*** Opening of DATA FOR ANALYSIS ***

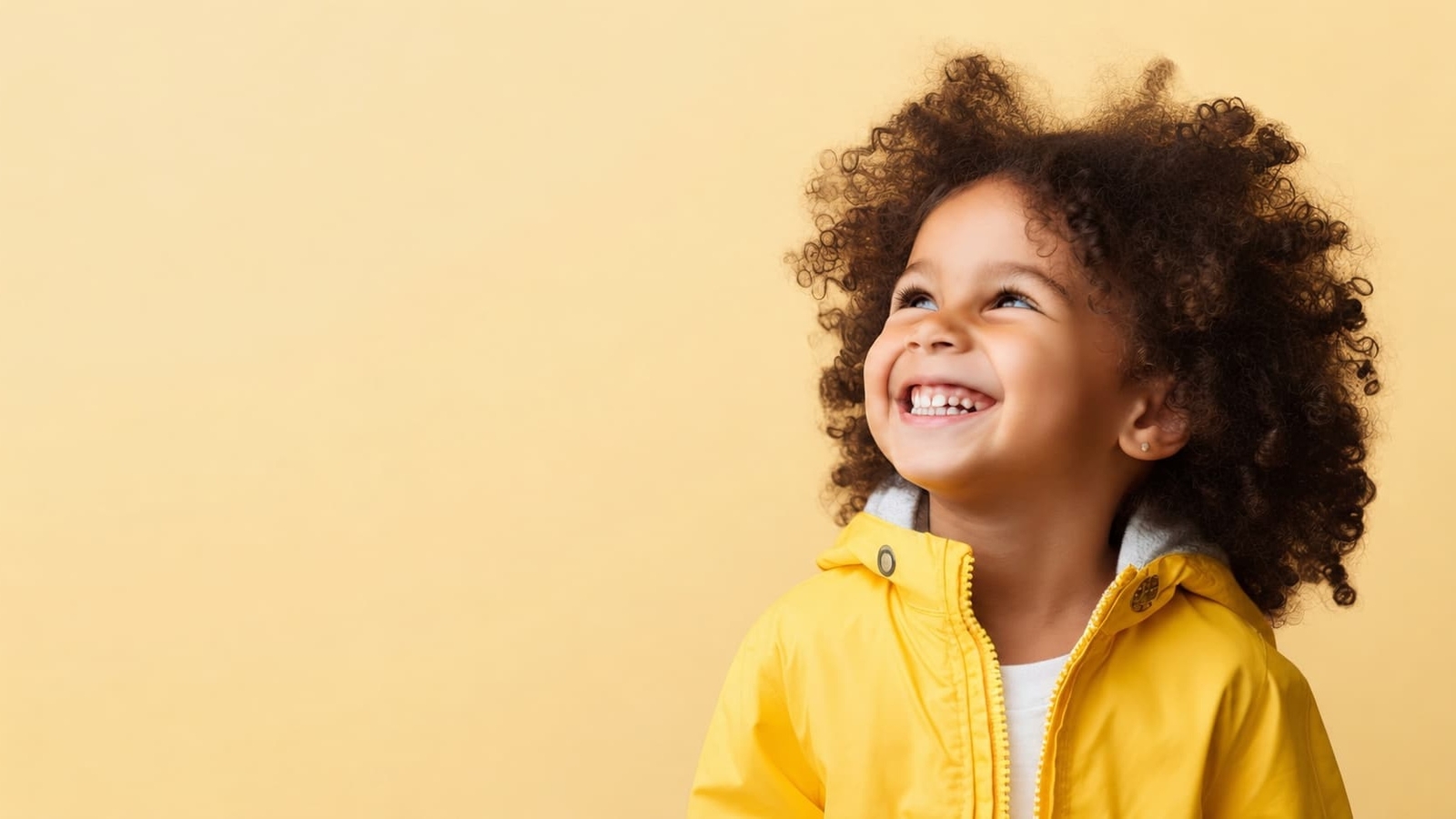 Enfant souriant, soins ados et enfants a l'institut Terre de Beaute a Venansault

*** Close of DATA FOR ANALYSIS ***
*** Opening of DATA FOR ANALYSIS ***

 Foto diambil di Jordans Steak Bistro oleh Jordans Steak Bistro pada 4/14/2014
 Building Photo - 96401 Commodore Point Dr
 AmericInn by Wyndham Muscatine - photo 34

*** Close of DATA FOR ANALYSIS ***
*** Opening of DATA FOR ANALYSIS ***

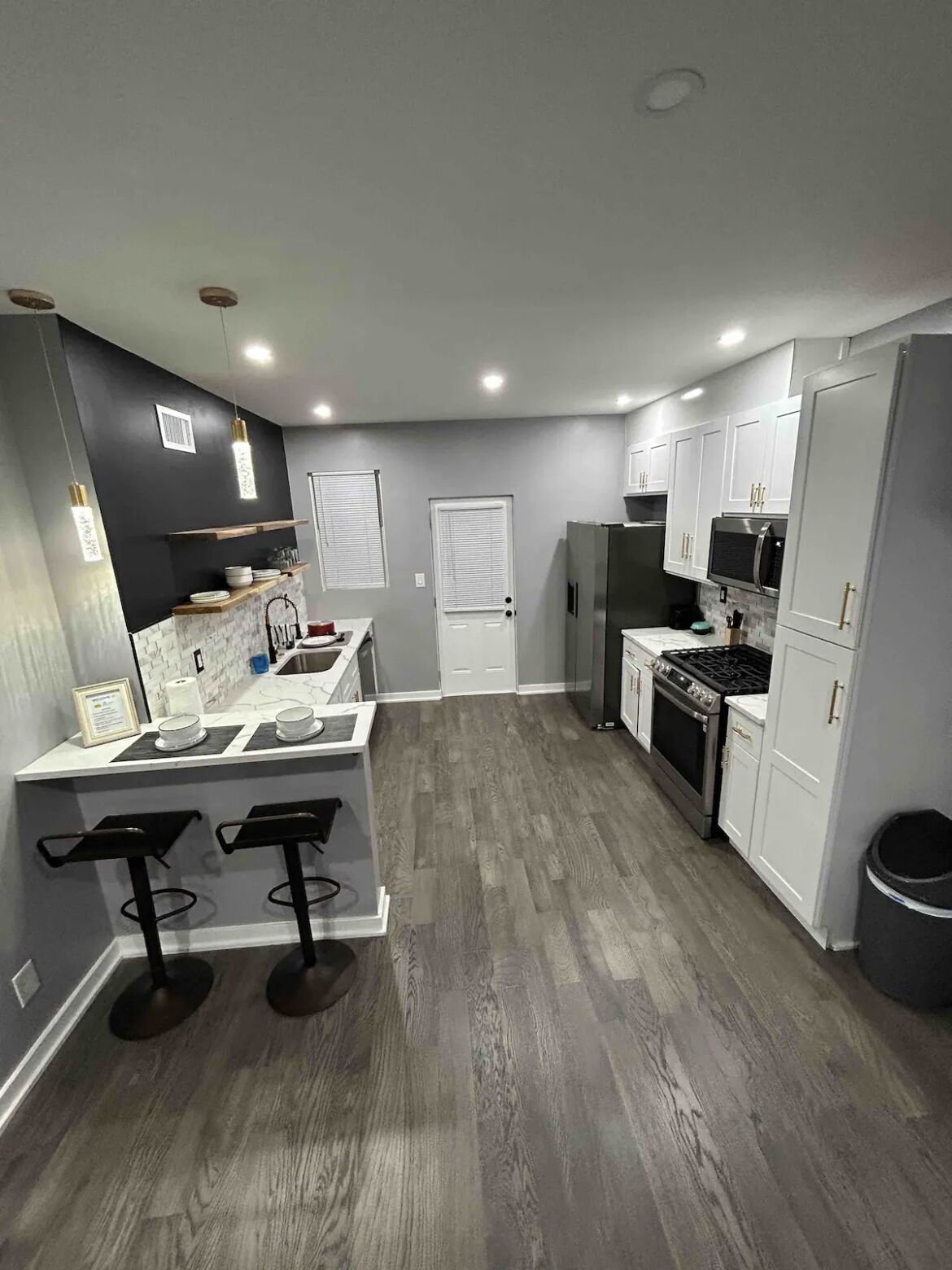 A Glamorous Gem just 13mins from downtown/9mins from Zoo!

*** Close of DATA FOR ANALYSIS ***

Output the lines above between the one holding "Foto diambil di" and the one holding "AmericInn by Wyndham Muscatine - photo 34", inclusive, with nothing before or after them.

- REPLY TO THE TASK
 Foto diambil di Jordans Steak Bistro oleh Jordans Steak Bistro pada 4/14/2014
 Building Photo - 96401 Commodore Point Dr
 AmericInn by Wyndham Muscatine - photo 34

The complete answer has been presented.